Assignment: Although the records contain pictures, repeat only the text of every line exactly.

Task data:

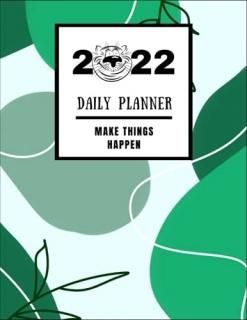 2022 Daily Planner Make Things Happen Watercolor Green Leavesannual Planner For 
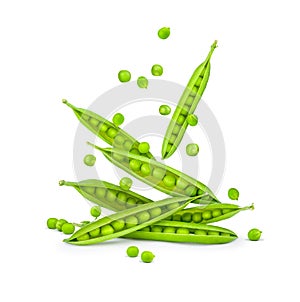 Falling green peas photo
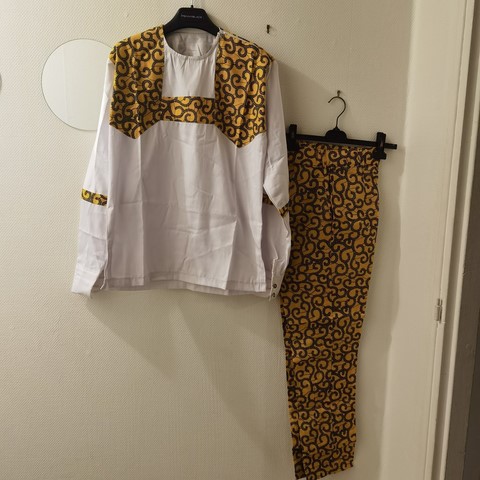 Ensemble homme en tissu pagne wax, djankawax, vêtements, couple, Cameroun,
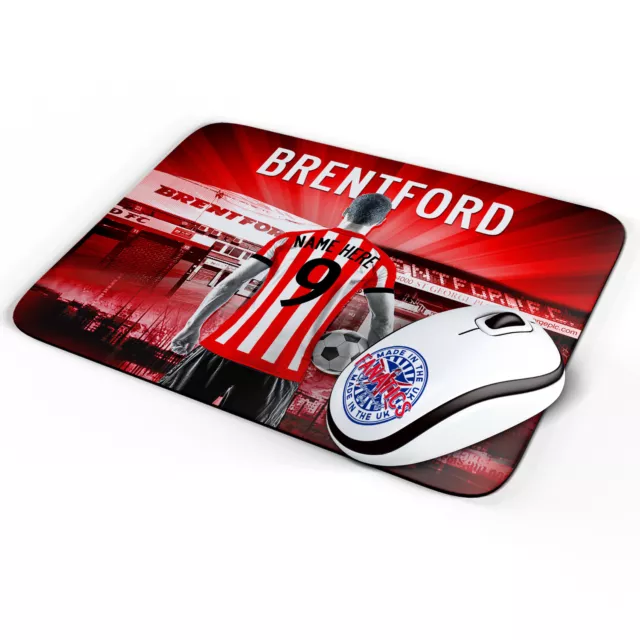 Personalised Brentford Mouse Mat Retro Football Office Work Pad Mens Gift AF23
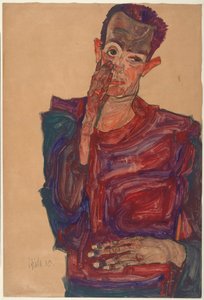 Self-Portrait with Eyelid Pulled Down, 1910 by Egon Schiele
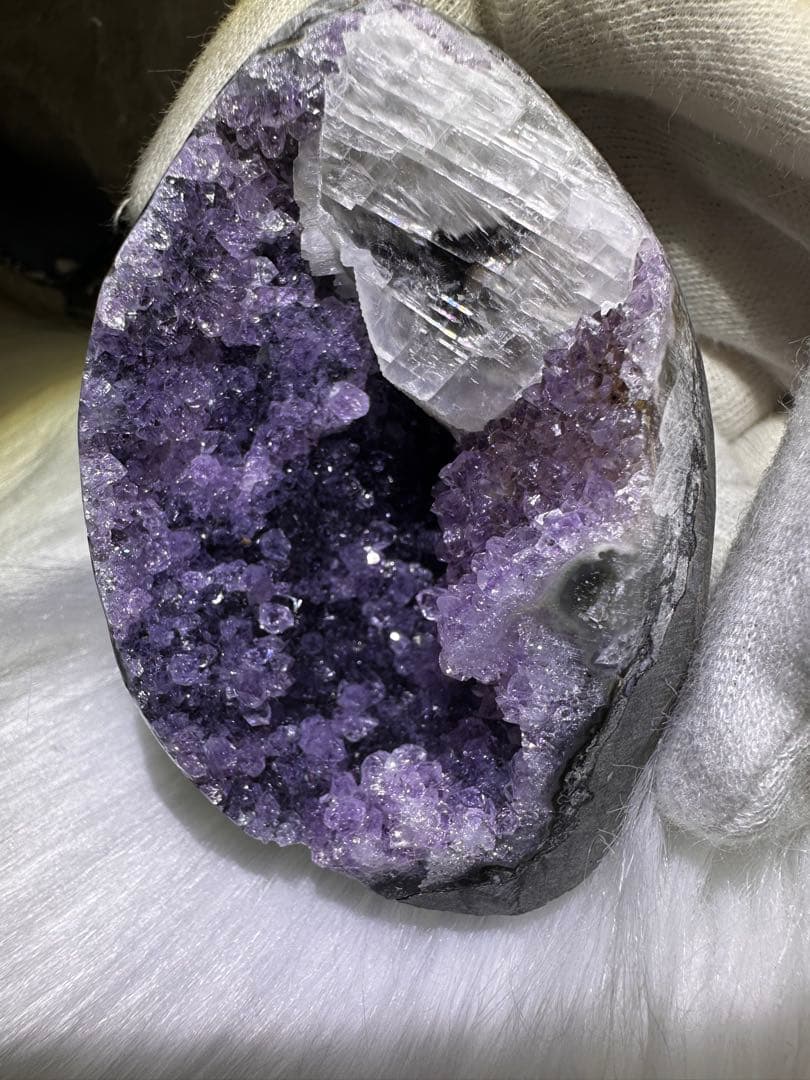 ウルグアイ産 アメジストドーム ピンクカルサイト共生 約223g 天然石1148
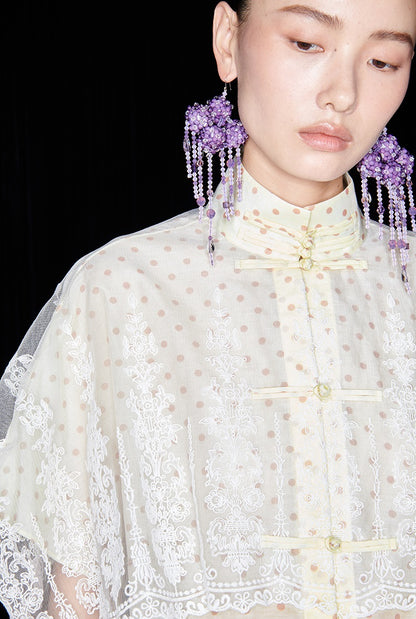 M essential Mackay designer polka dot silk cotton Chinese short-sleeved shirt - SILVER.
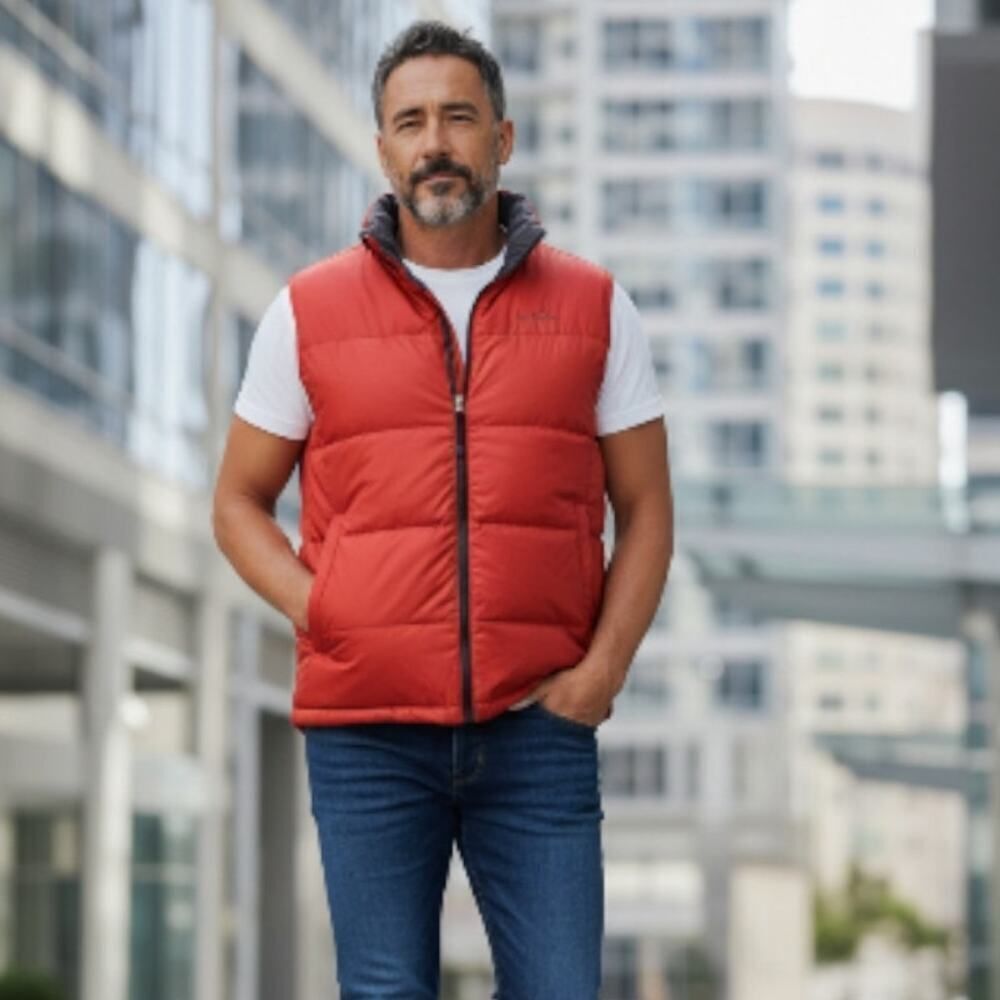 Eddie Bauer Men's Premium Goose Down Full Zipper Red Vest - Size Large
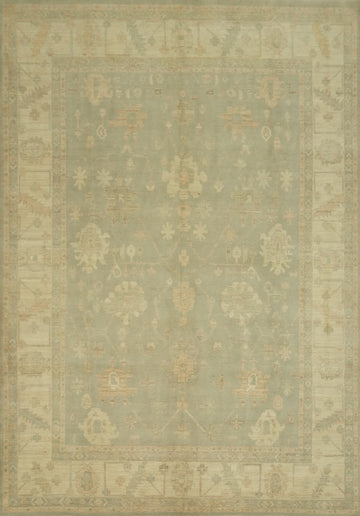 Vegetable Dye Wool Oushak Turkish Area Rug 9x12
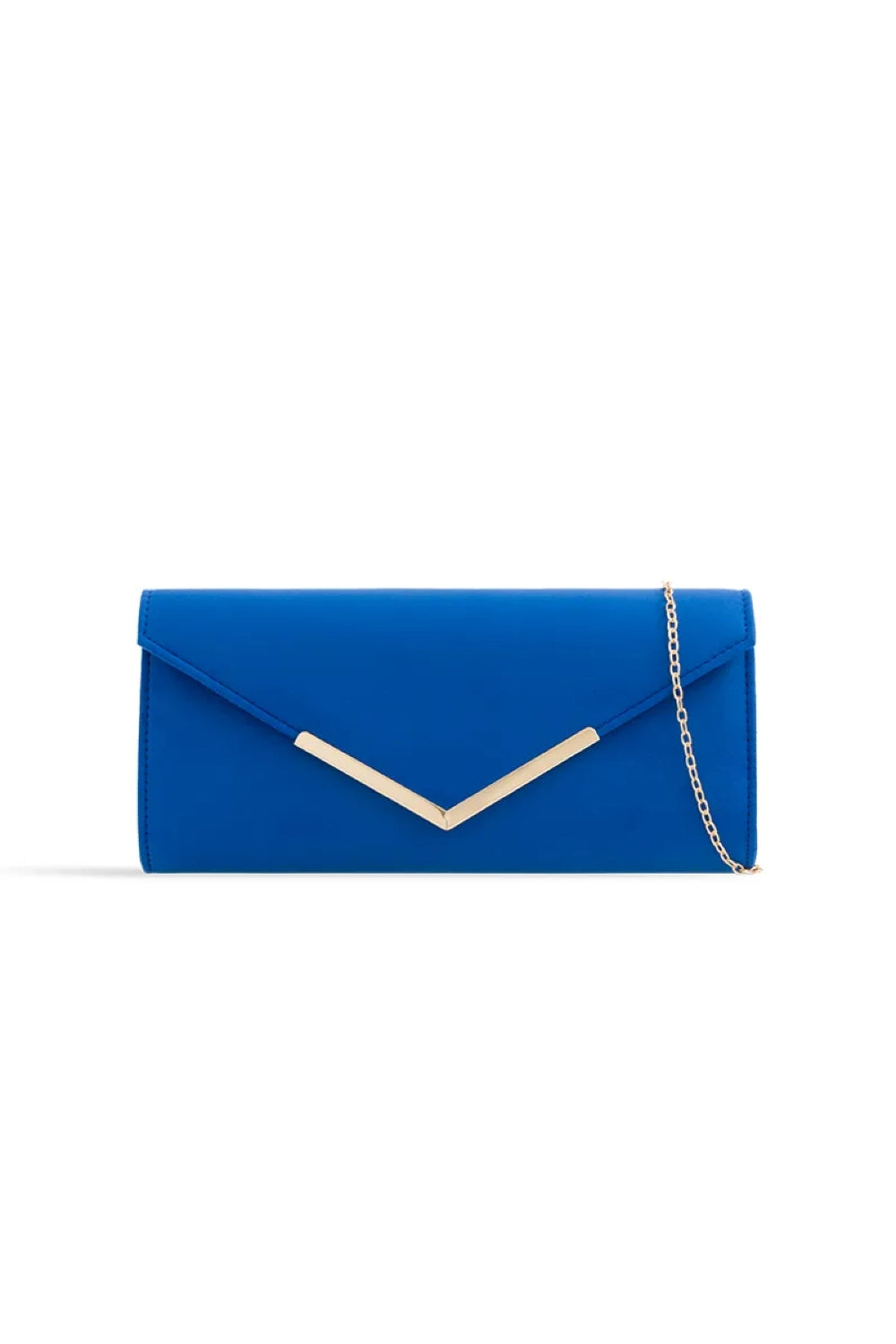 Royal Blue Suede Envelope Clutch Bag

Result of this exercise:
 2022 Daily Planner Make Things Happen Watercolor Green Leavesannual Planner For 
 Falling green peas photo
 Ensemble homme en tissu pagne wax, djankawax, vêtements, couple, Cameroun,
 Personalised Brentford Mouse Mat Retro Football Office Work Pad Mens Gift AF23
 Self-Portrait with Eyelid Pulled Down, 1910 by Egon Schiele
 ウルグアイ産 アメジストドーム ピンクカルサイト共生 約223g 天然石1148
 M essential Mackay designer polka dot silk cotton Chinese short-sleeved shirt - SILVER.
 Eddie Bauer Men's Premium Goose Down Full Zipper Red Vest - Size Large
 Vegetable Dye Wool Oushak Turkish Area Rug 9x12
 Royal Blue Suede Envelope Clutch Bag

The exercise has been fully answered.